Judge of the Court of First Instance of the High Court of Hong Kong
- In office 2009–2019

District Judge
- In office 2007–2009

Personal details
- Born: 1963 (age 62–63) Hong Kong
- Education: University of Oxford University of Hong Kong

= Thomas Au =

Hong Kong judge

Thomas Au Hing-cheung (區慶祥; born 1963) is a Hong Kong judge, currently serving as a justice of appeal of the Court of Appeal of Hong Kong.

== Biography ==

=== Early life ===
Born in Hong Kong in 1963, Au grew up in Hong Kong and received an LLB from the University of Hong Kong in 1996, the BCL from the University of Oxford in 1997, and a PCLL from the University of Hong Kong in 1998.

=== Legal career ===
Au was called to the Hong Kong Bar in 1998, and was in private practice between 1999 and 2007 as a member of Temple Chambers.

In 2007, Au left private practice and joined the bench as a District Judge, before being promoted to the Court of First Instance of the High Court in 2009. He served as President of the Lands Tribunal from 2010 to 2014. He also served as the judge in charge of the Construction and Arbitration List from 2011 until 2 September 2012, when he was appointed as the Judge in charge of the Constitutional and Administrative Law List.

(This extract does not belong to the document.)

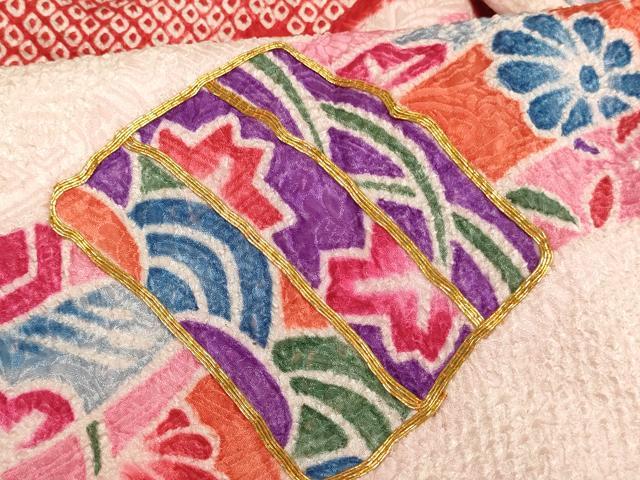 平和屋着物[]七五三　女の子　３歳　祝着　一つ身　総絞り　駒刺繍　束ね熨斗文　逸品　AABE2137ja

In 2019, Au was elevated to the Court of Appeal.

== Legal profile ==
Due to his young age, and relatively quick rate of promotion since joining the Judiciary, he has been described as a "high flyer" within the Judiciary. He has also described as a judge "with a great sense of humour when not commenting on the law", but who adopted a "technical" approach to his cases.

== Personal life ==
Au was a member of the Civic Party from 2003 to 2006, when he left the party prior to appointment as a full-time judge.